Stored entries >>
####

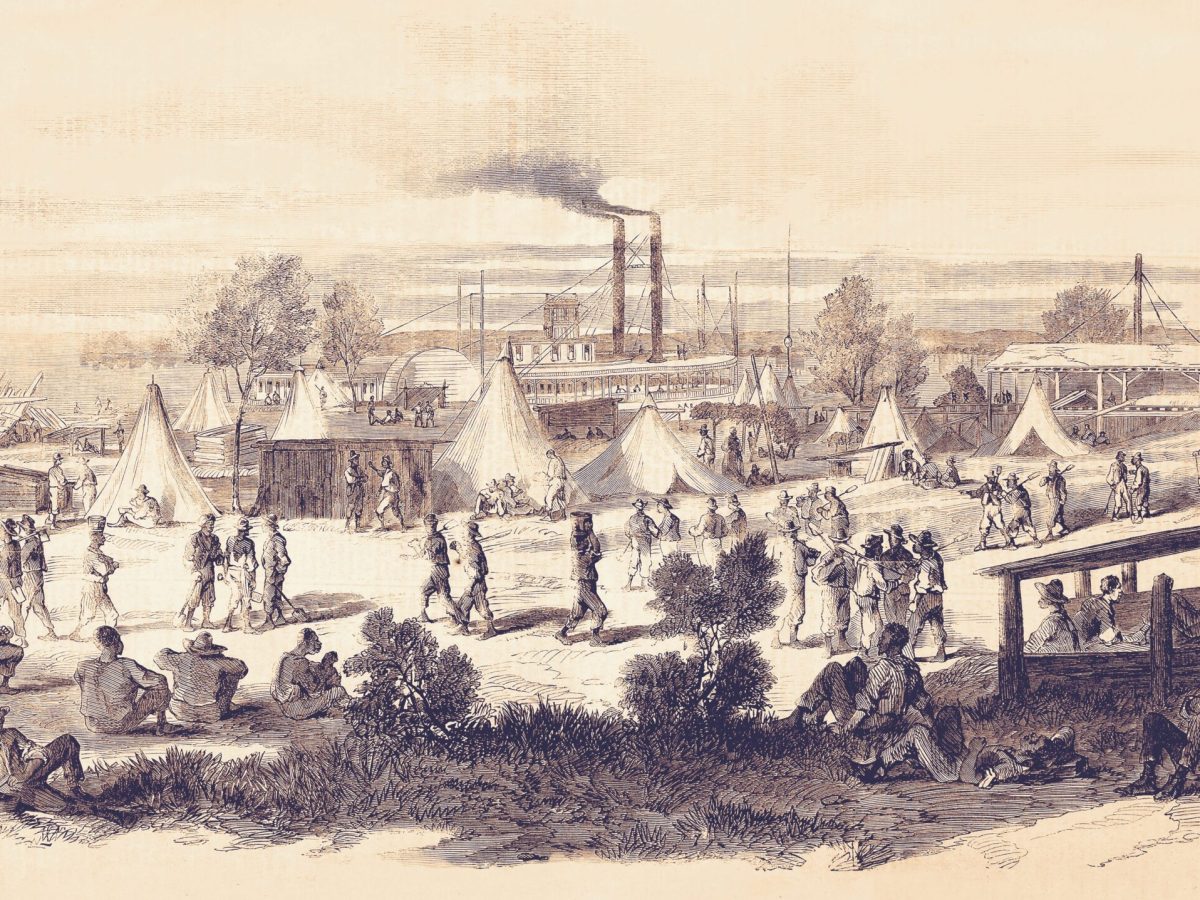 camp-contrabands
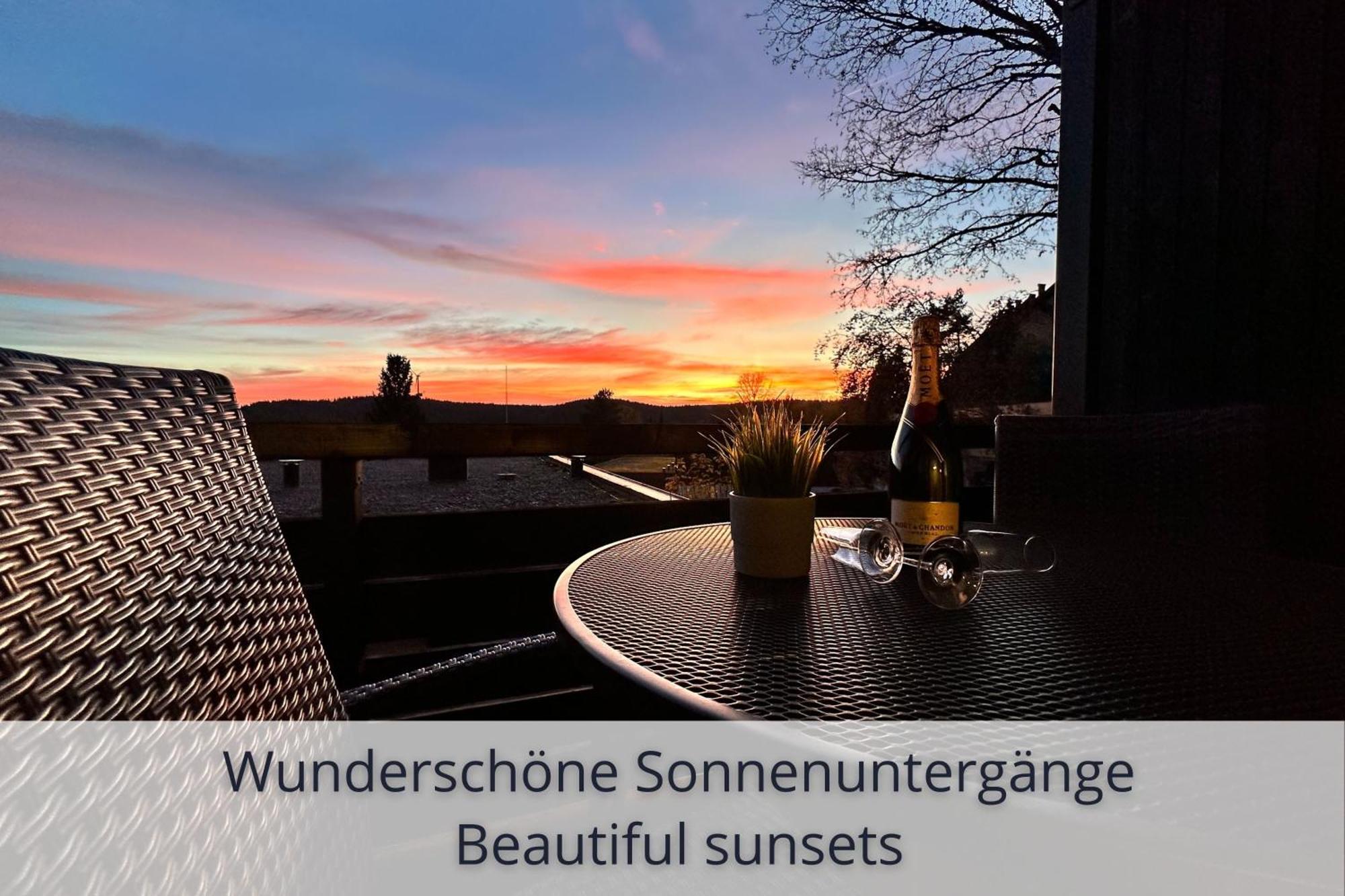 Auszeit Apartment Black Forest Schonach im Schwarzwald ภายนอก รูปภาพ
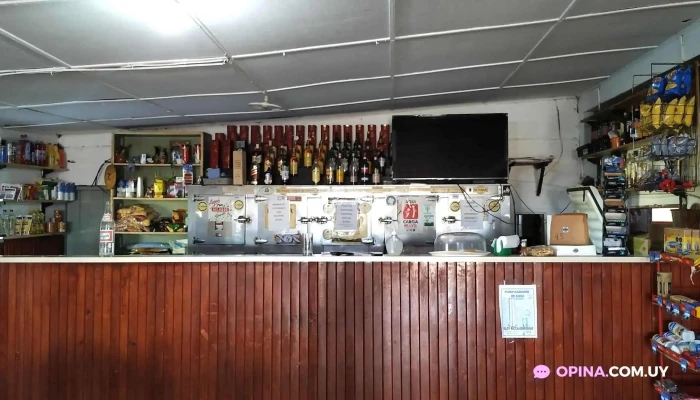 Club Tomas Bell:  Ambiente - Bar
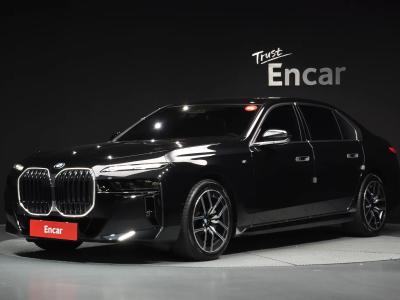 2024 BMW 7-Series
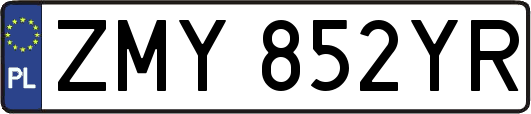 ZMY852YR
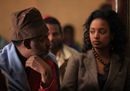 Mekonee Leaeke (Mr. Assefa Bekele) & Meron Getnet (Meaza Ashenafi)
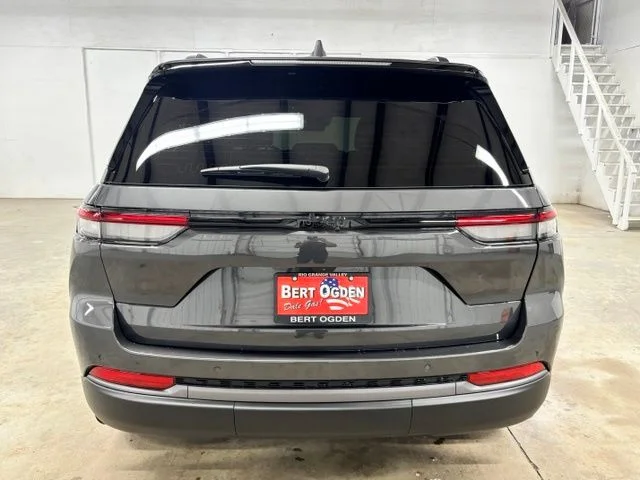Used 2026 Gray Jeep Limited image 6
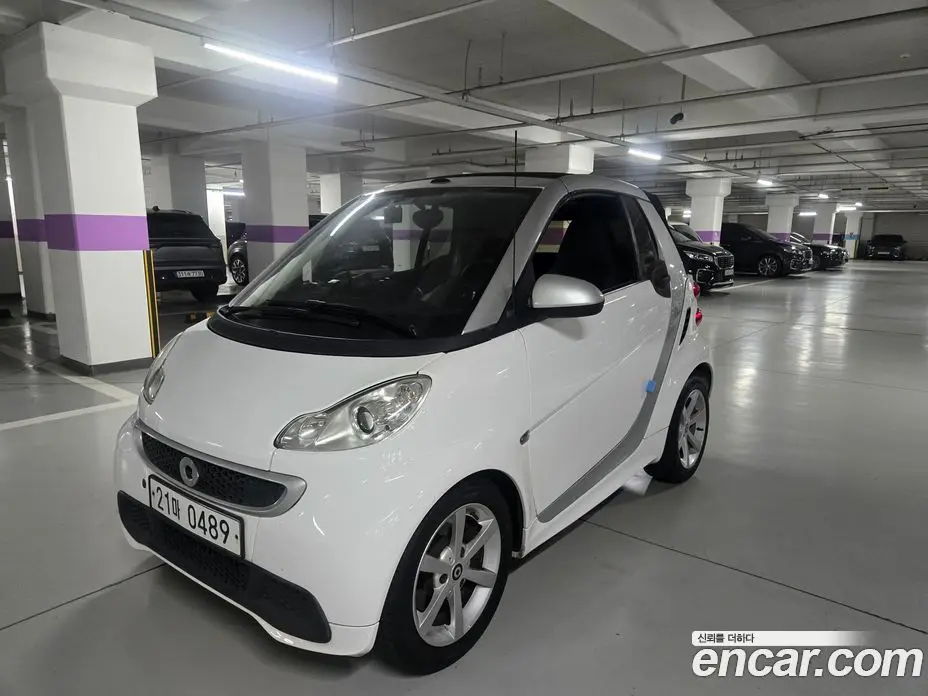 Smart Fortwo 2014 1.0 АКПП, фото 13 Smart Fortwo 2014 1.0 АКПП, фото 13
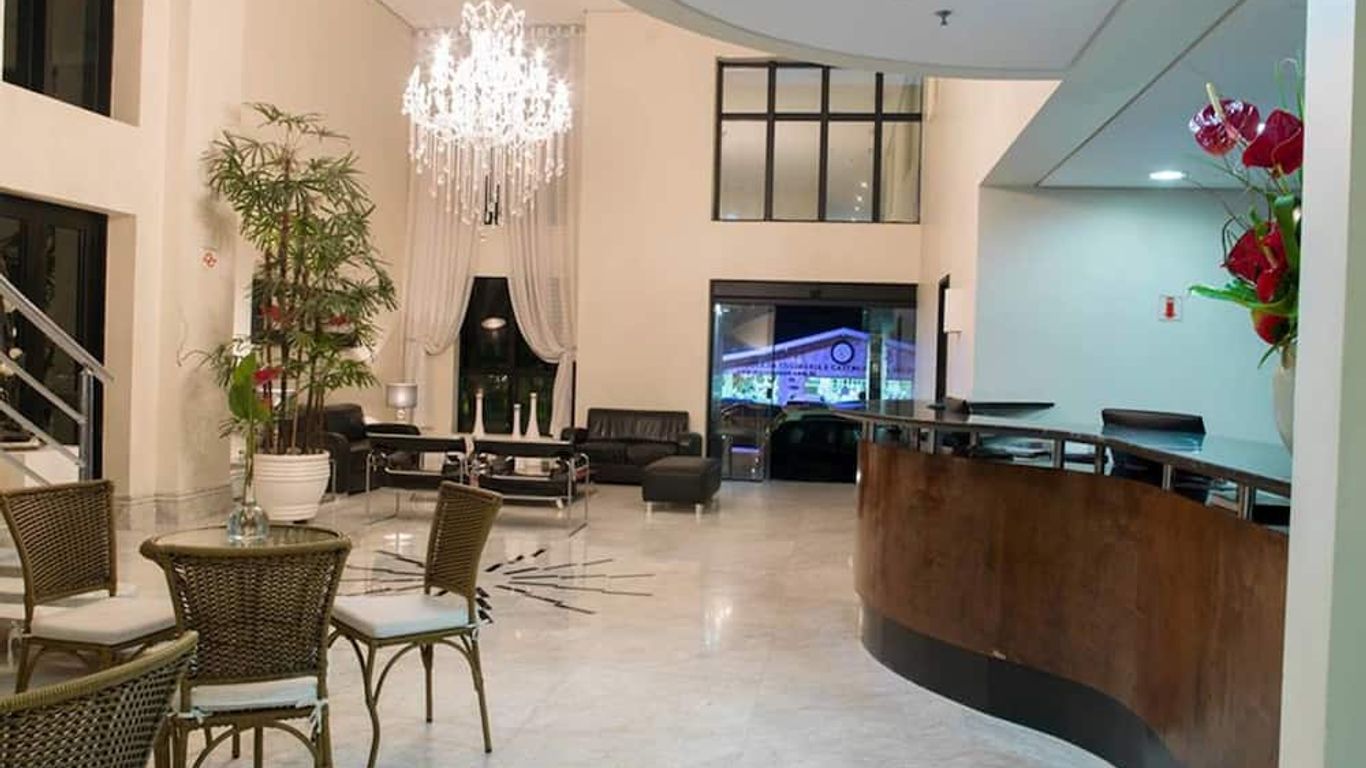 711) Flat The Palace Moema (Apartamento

####

YOUR ASSIGNMENT >> Copy each entry exactly as written, and drop the pictures from the copy.

RESPONSE AREA >>
 camp-contrabands
 Auszeit Apartment Black Forest Schonach im Schwarzwald ภายนอก รูปภาพ
 Club Tomas Bell:  Ambiente - Bar
 2024 BMW 7-Series
 ZMY852YR
 Mekonee Leaeke (Mr. Assefa Bekele) & Meron Getnet (Meaza Ashenafi)
Used 2026 Gray Jeep Limited image 6
 Smart Fortwo 2014 1.0 АКПП, фото 13 Smart Fortwo 2014 1.0 АКПП, фото 13
 711) Flat The Palace Moema (Apartamento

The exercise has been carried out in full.